Paul Amsellem: Et puis les 15-25, trendy, dynamiques, qui ont envie d’avoir un téléphone autre que noir à mettre dans leur sac à main. On veut que les gens ressortent leurs téléphones en soirées sur les tables comme c’était le cas quand l’iPhone venait de sortir.
Vous misez énormément sur le côté mode. Vous pensez vraiment que le design est la chose la plus importante dans le choix d’un smartphone?
Paul Amsellem: Aujourd’hui en France, c’est le premier déclencheur d’achats. En deuxième il y a le prix. En troisième, ce qu’il y a à l’intérieur du téléphone.
Pourquoi avoir choisi Microsoft et Windows Phone comme partenaire?
Paul Amsellem: On estime que c’est un OS qui est ouvert, et surtout il nous permet nous aussi de notre côté d’ajouter des services en plus (comme le Nokia Drive). Apple a un OS qui est fermé, Android n’est pas stable…
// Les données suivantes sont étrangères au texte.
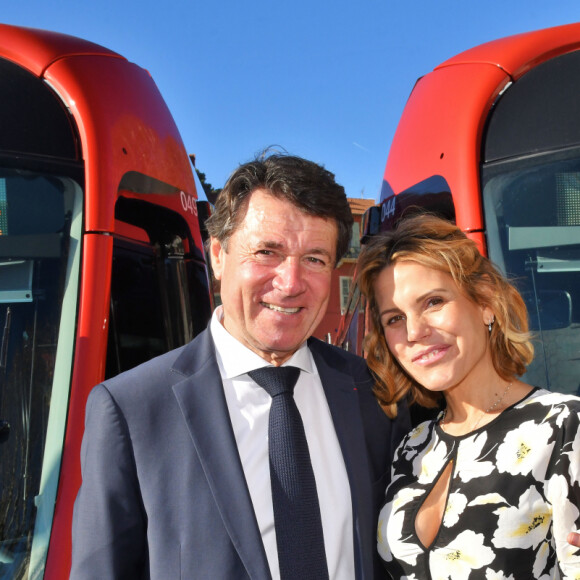 Christian Estrosi, le maire de Nice, et sa femme Laura Tenoudji Estrosi durant l'inauguration de la ligne 2 du tramway sur le quai Napoléon 1er, à Nice le 14 décembre 2019. © Bruno Bebert / Bestimage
Marc Jalabert: De notre côté, on sait que Nokia fait partie des pionniers de la téléphonie mobile et est extrêmement réputé pour la qualité de ses téléphones. Les notions de vignettes dynamiques et de couleurs que Windows Phone met en avant sur l’écran d’accueil sont dans l’esprit du design pensé par Nokia. Il a poussé l’intégration assez loin. Il y a une très forte complémentarité.
Pour le moment la bibliothèque d’applications n’en compte que 35.000 contre 420.000 pour Apple et 200.000 pour Google en juin dernier. Cela peut être un frein pour un achat dans l’immédiat…
Paul Amsellem: Il y en a plein d’autres qui vont arriver.
Marc Jalabert: Il n’y a pas de problème sur les «top applications», celles qui sont les plus utilisées. Mais comme disait Paul, les développeurs vont petit à petit en rajouter. Ce lancement avec Nokia crédibilise ce troisième écosystème qu’est Windows Phone auprès des développeurs. Et quand on regarde les prévisions des analystes, IDC ou Gartner, le marché des smartphones se démocratisant les prix vont vraiment baisser. On va sortir un peu du domaine exclusif dans lequel les smartphones sont confinés aujourd’hui. C’est une belle opportunité pour les développeurs.
Comment expliquez-vous le retard de Nokia ces dernières années sur le marché du smartphone? Le groupe s’est laissé complètement dépasser par Apple et d’autres concurrents comme Samsung, par exemple.
Paul Amsellem: Peut-être qu’on est passé à côté de tendances. Comme d’autres dans d’autres secteurs: Mercedes a connu ses moments de creux et aujourd’hui repart très bien… C’est une économie qui va très vite. On n’a pas été assez rapide et réactif. On s’est peut-être laissé déborder. Mais il ne faut pas oublier qu’il y a moins de 5% des gens dans le monde qui ont un smartphone. Quand tout le monde pense qu’on s’est laissé dépasser et que c’est fini, attention la bataille est devant nous et non pas derrière nous. On a encore énormément de gens à aller conquérir. On a des réseaux de distributions dans le monde entier et des relations avec les opérateurs télécom que la plupart des concurrents que vous citez n’ont que depuis récemment et pas depuis 20 ou 30 ans, comme nous.
Les Echos écrivaient mardi, en vous citant, Paul Amsellen, que vous préparez une tablette sous Windows 8 pour l’année prochaine. Pouvez-vous nous en dire plus?
Paul Amsellen : Je n’ai pas de confirmation, donc pas de commentaires.